Tedavi yöntemleri arasında takip ve gözlem, cerrahi müdahale ve radyoterapi seçenekleri bulunur.
- Takip ve Gözlem: Fibroadenom küçük ve belirsiz olduğunda, düzenli meme muayenesi ve ultrason kontrolü yeterli olabilir.
- Cerrahi Müdahale: Fibroadenom büyük veya hızla büyüyorsa, cerrahi müdahale önerilebilir. Bu operasyonlar arasında tümörün çıkarılması veya kısmi olarak çıkarılması yer alabilir.
- Radyoterapi: Fibroadenomun radyoterapi ile tedavisi, cerrahi müdahale sonrası nüks riskini azaltmak için kullanılabilir.
Tedavinin sonucu genellikle olumlu olup, fibroadenomun büyüklüğüne, tipine ve hastanın yaşına bağlı olarak değişebilir. Prosedür sonrası küçük bir yara veya morluk oluşabilir, ancak iyileşme süreci genellikle kısa bir sürede tamamlanır.
Takip ve Gözlem
Eğer fibroadenomun boyutu 2-3 cm’den küçük ise, genellikle tedavi gerektirmez. Bu durumlarda, düzenli takip ve gözlem yapmak önemlidir. Her 6-12 ayda bir doktor kontrolüne gitmelisiniz. Doktorunuz, fibroadenomun büyüyüp büyümediğini veya değişip değişmediğini takip edebilir. Ayrıca kendiniz de kendi kendinize yapacağınız kontrollerle fibroadenomun boyutunu izleyebilirsiniz. Bunu yapmak için, her ay adet döneminden birkaç gün sonra memelerinizi kontrol edin. Eğer fibroadenom büyümüş veya değişmişse, doktorunuza hemen başvurun.

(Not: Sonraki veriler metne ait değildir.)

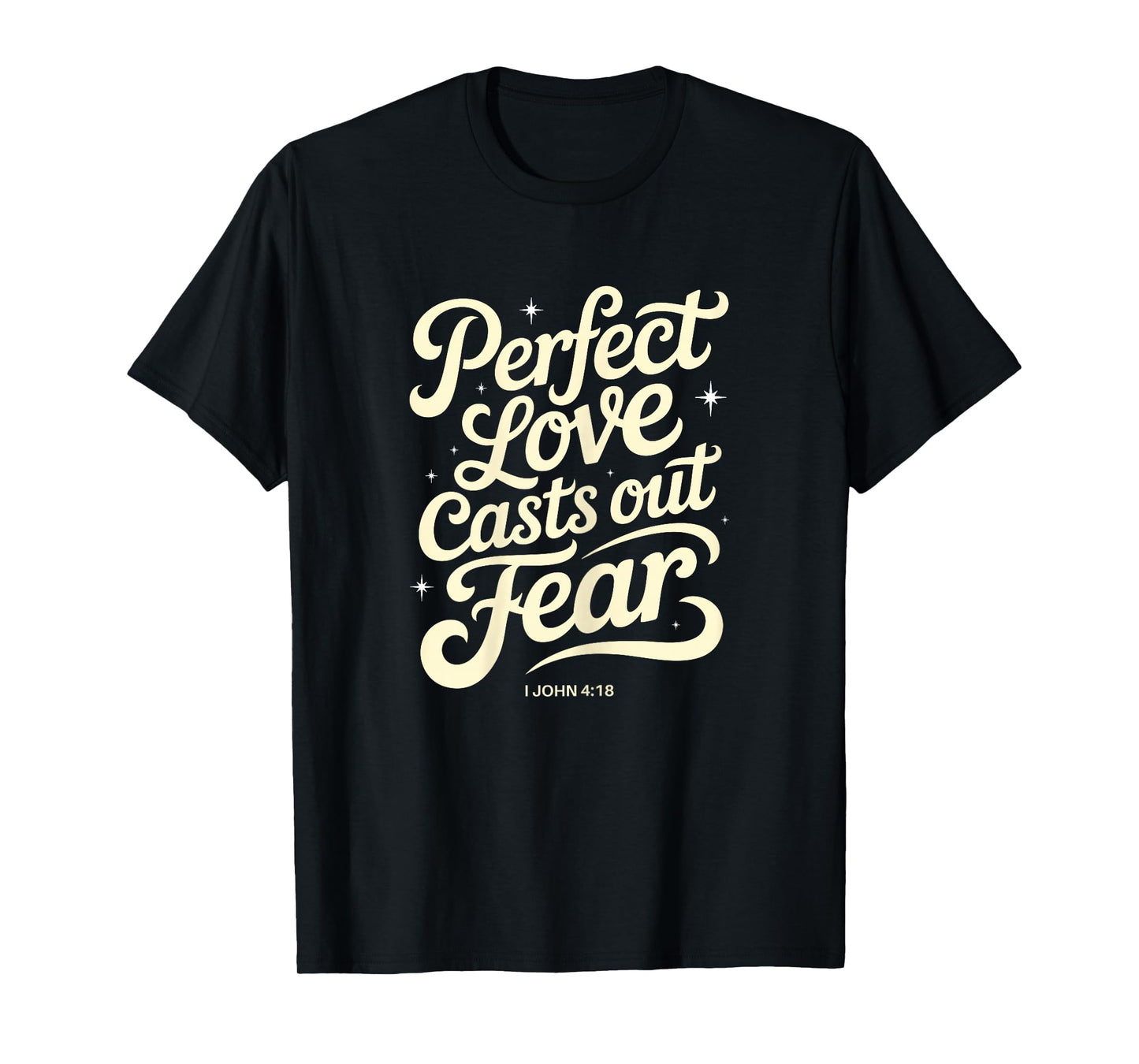 Perfect Love Casts Out Fear Retro Christian Bible Quote T-Shirt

Not: Takip ve gözlem stratejisi her zaman doğru değildir. Uygun tedavi için mutlaka doktorunuzla görüşün.
Cerrahi Müdahale
Fibroadenomun cerrahi müdahale gerektirdiği durumlarda, farklı operasyon yöntemleri kullanılabilir. Bunlar arasında eksizyonel biyopsi, enükleasyon ve lumpektomi yer alır. Eksizyonel biyopsi fibroadenomun tamamen çıkarılmasını, enükleasyon ise sadece tümörün çıkarılmasını sağlar. Lumpektomi ise fibroadenomun çevresindeki sağlıklı dokuyu da çıkararak kanser oluşum riskini azaltır.
Operasyon sonrasında, hastalar genellikle aynı gün taburcu edilir ve birkaç gün sonra normal aktivitelerine geri dönebilirler. Yara iyileşme süreci yaklaşık iki hafta sürer ve bu süre zarfında fiziksel aktiviteler sınırlı olmalıdır.
Radyoterapi
Fibroadenom tedavisinde radyoterapi, düşük dozda radyasyon verilerek tümörün küçülmesini sağlamak için kullanılır. Radyoterapinin etkili olabilmesi için tümörün belirli bir boyuta sahip olması gereklidir. İşlem sırasında hasta ağrı veya yan etki hissetmez ve genellikle birkaç dakika sürer. Radyoterapi sonrası tümör % 90’dan fazla küçülebilir ve tekrarlamama oranı yüksektir.